**WHAT NEEDS TO BE DONE:** In the records below, the line that contains "Complete Kitchen &" marks the start. Copy it and each line after it through the end, exactly, without pictures.
DATA RECORDS below:
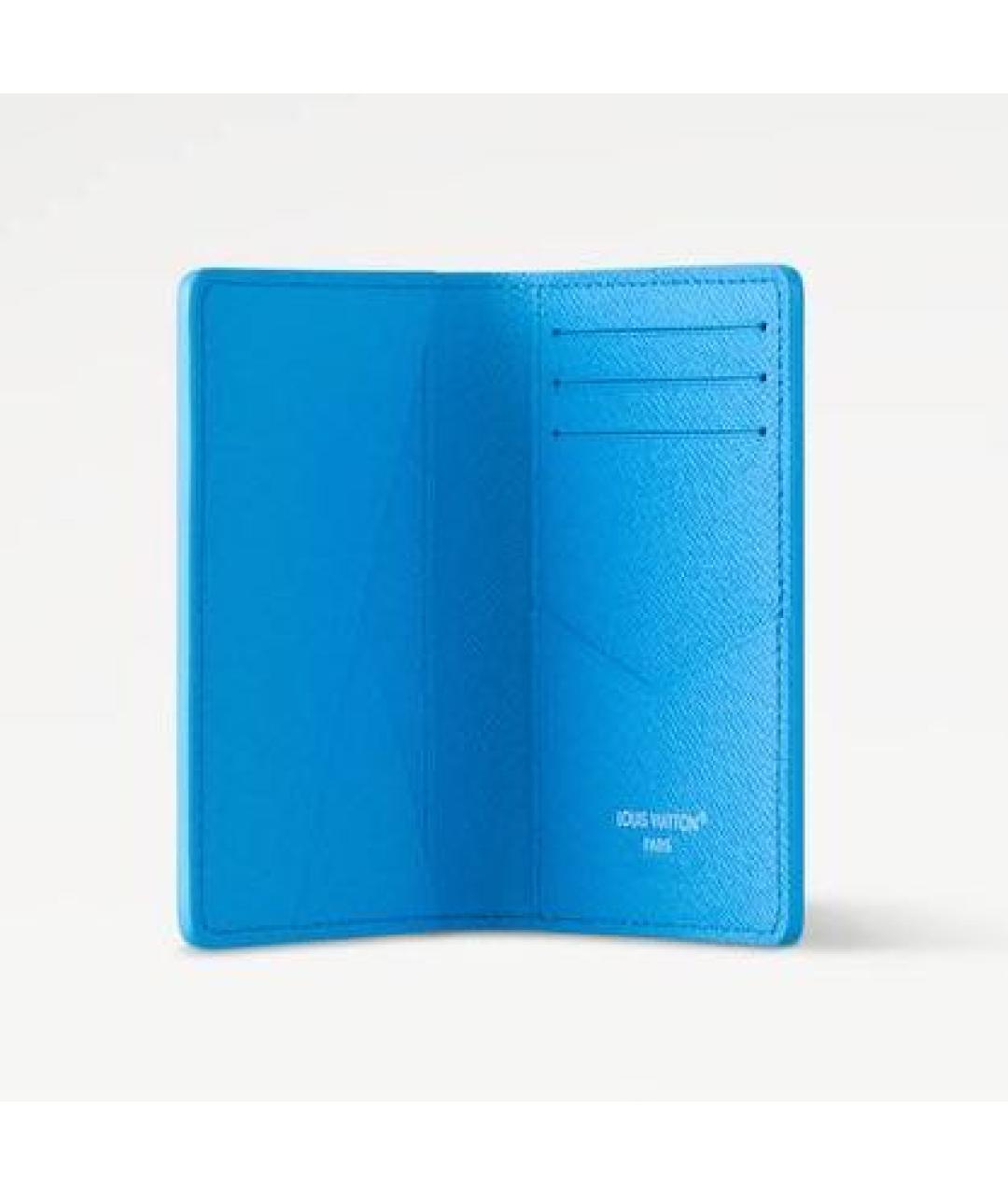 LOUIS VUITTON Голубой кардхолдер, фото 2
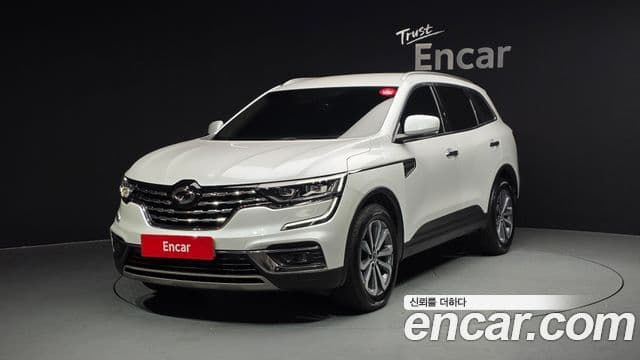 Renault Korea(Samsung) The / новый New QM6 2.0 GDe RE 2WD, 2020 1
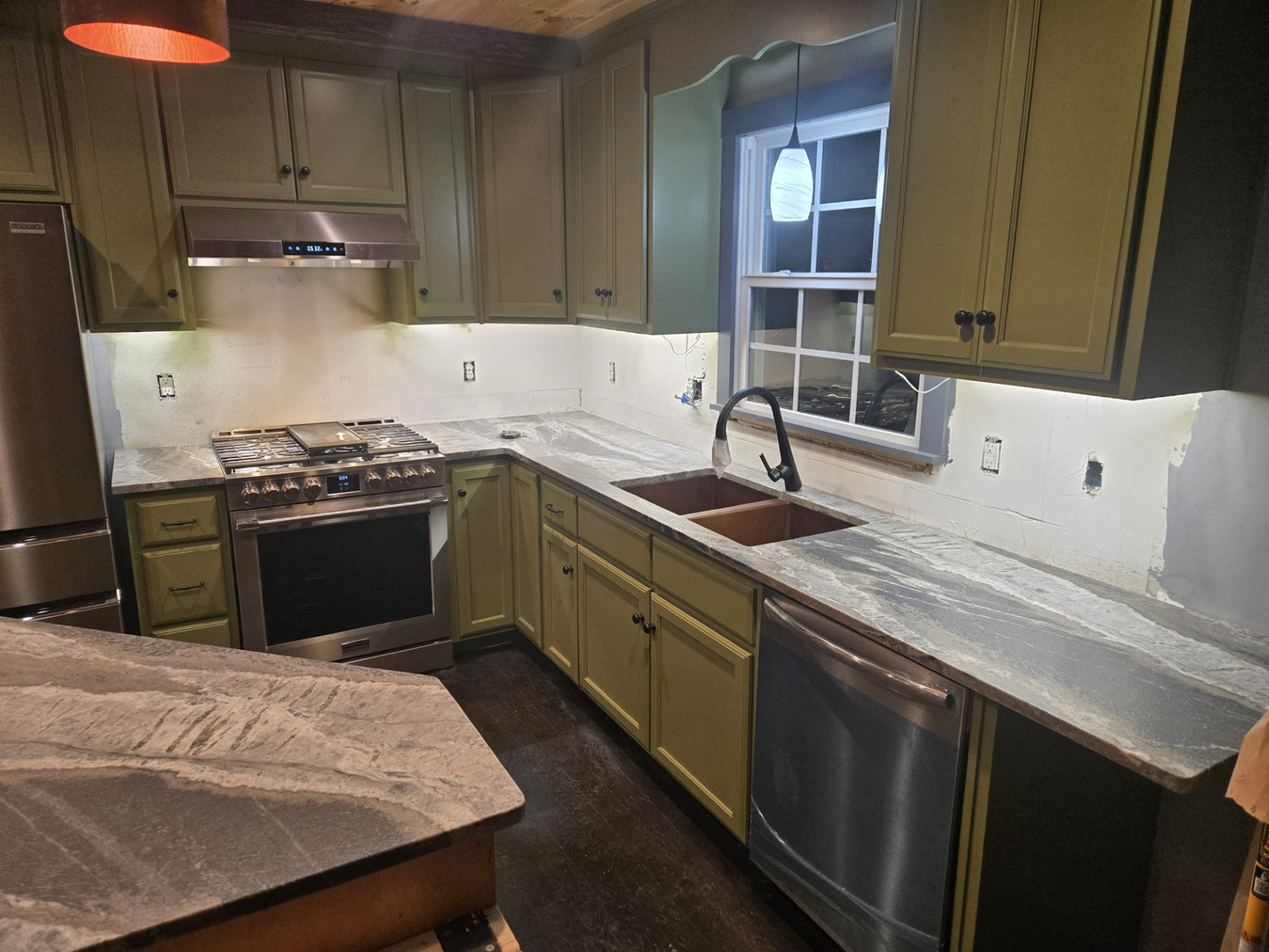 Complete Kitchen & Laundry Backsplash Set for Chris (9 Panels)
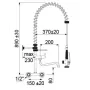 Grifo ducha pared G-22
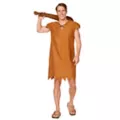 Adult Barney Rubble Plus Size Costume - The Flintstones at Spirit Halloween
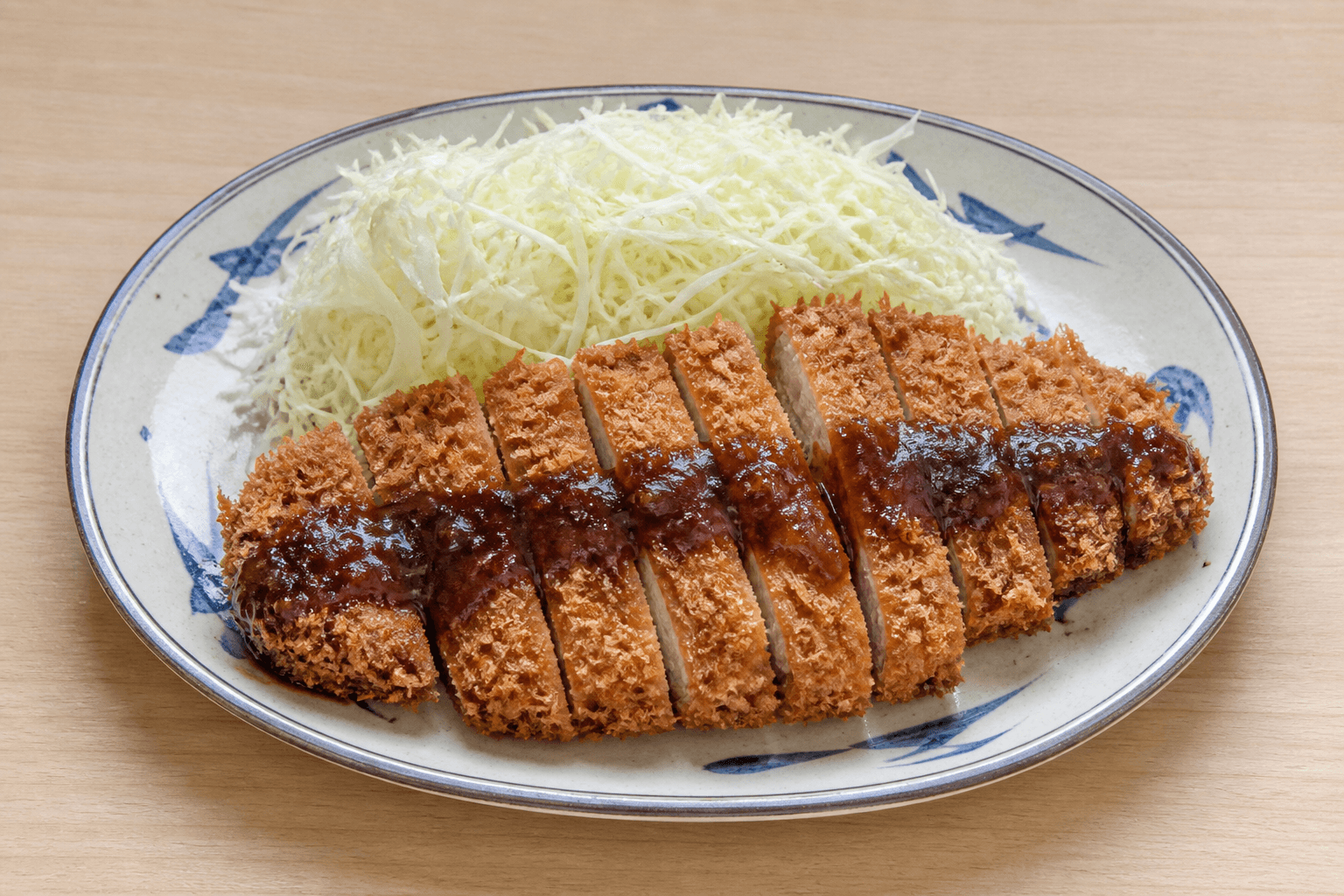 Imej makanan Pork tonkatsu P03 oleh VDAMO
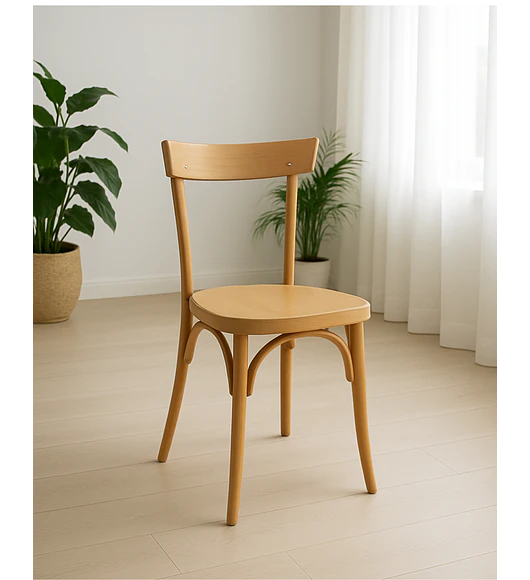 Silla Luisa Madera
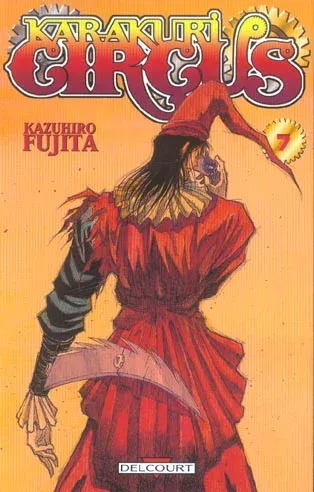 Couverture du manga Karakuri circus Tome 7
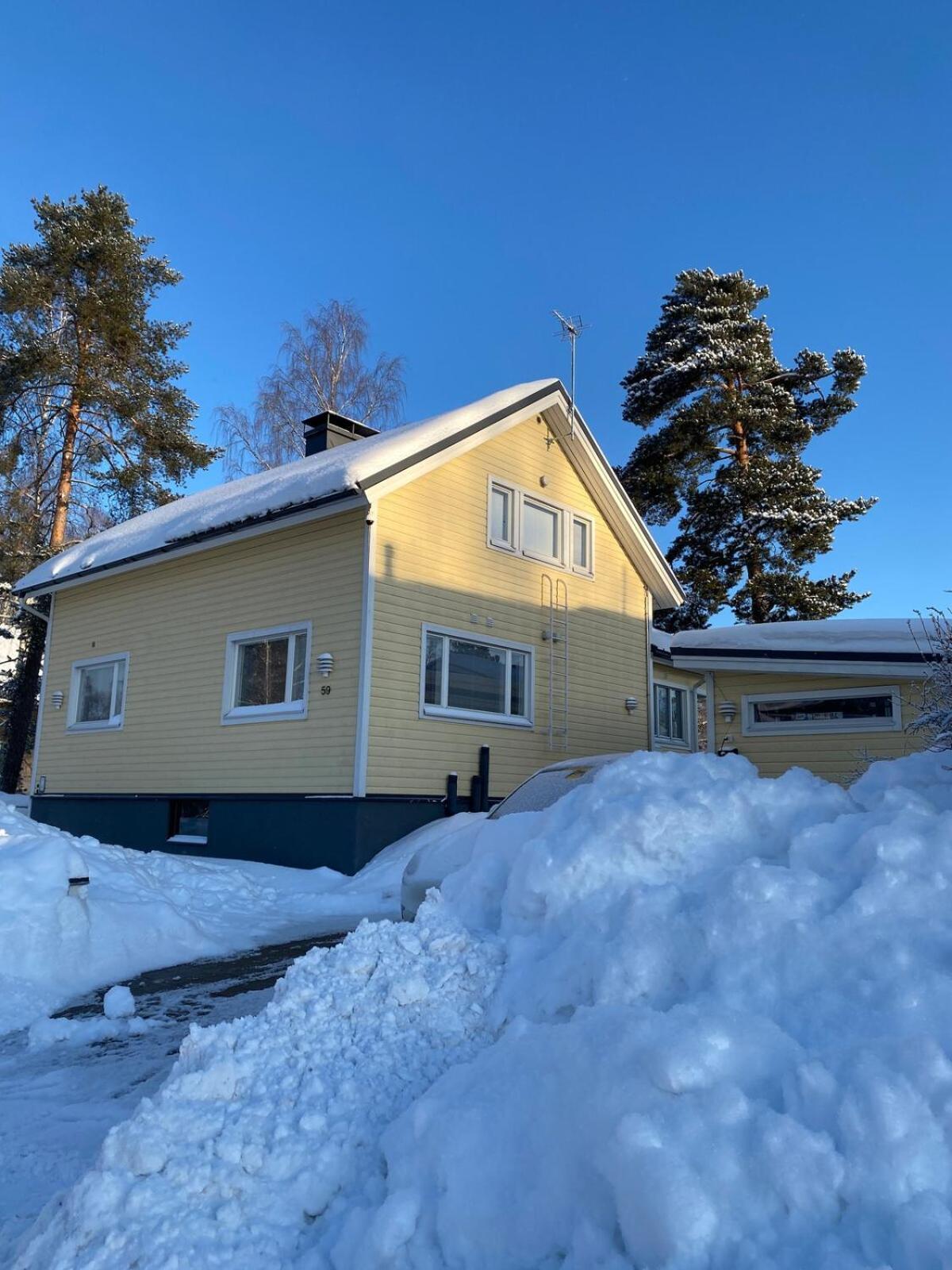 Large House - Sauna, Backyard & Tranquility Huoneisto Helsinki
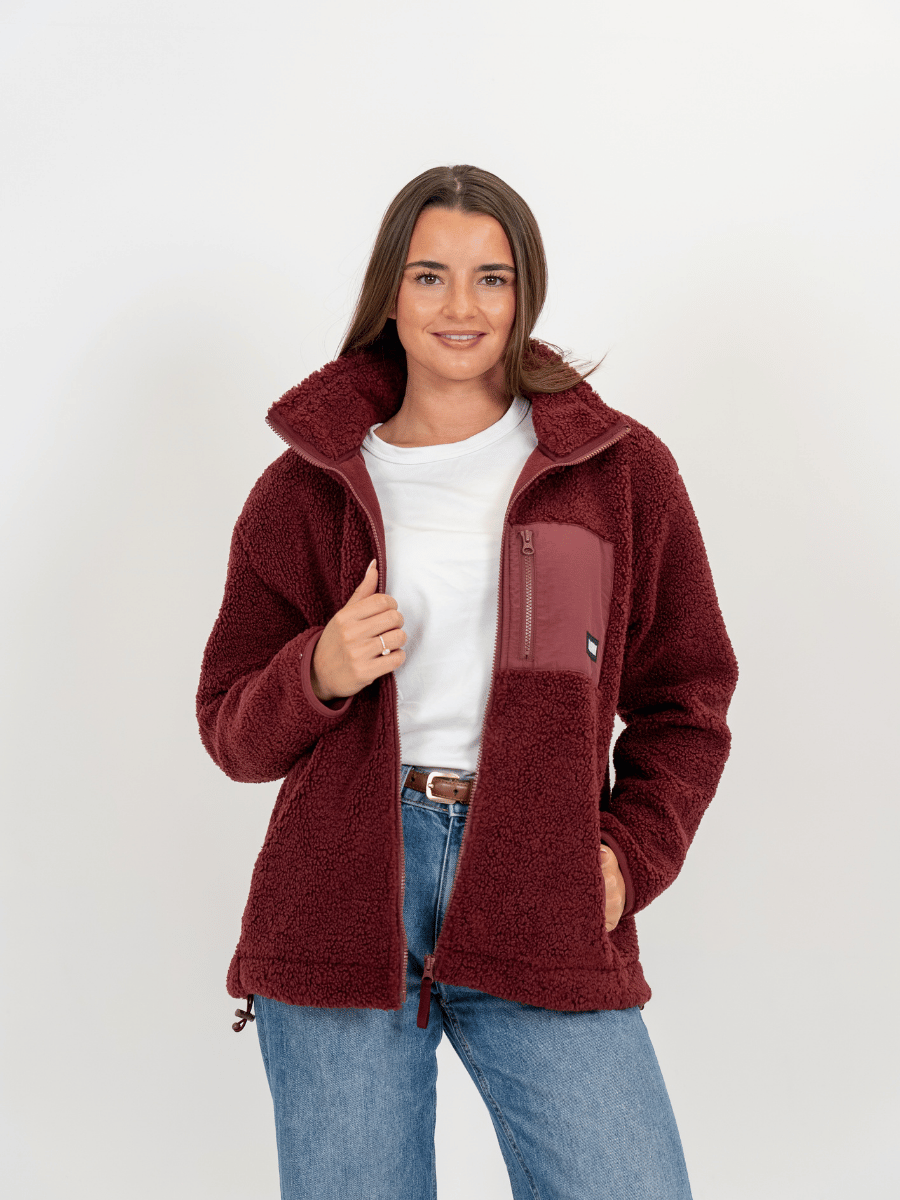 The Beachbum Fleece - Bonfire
End of DATA RECORDS.
**WRITTEN REPLY:**
 Complete Kitchen & Laundry Backsplash Set for Chris (9 Panels)
 Grifo ducha pared G-22
 Adult Barney Rubble Plus Size Costume - The Flintstones at Spirit Halloween
 Imej makanan Pork tonkatsu P03 oleh VDAMO
 Silla Luisa Madera
 Couverture du manga Karakuri circus Tome 7
 Large House - Sauna, Backyard & Tranquility Huoneisto Helsinki
 The Beachbum Fleece - Bonfire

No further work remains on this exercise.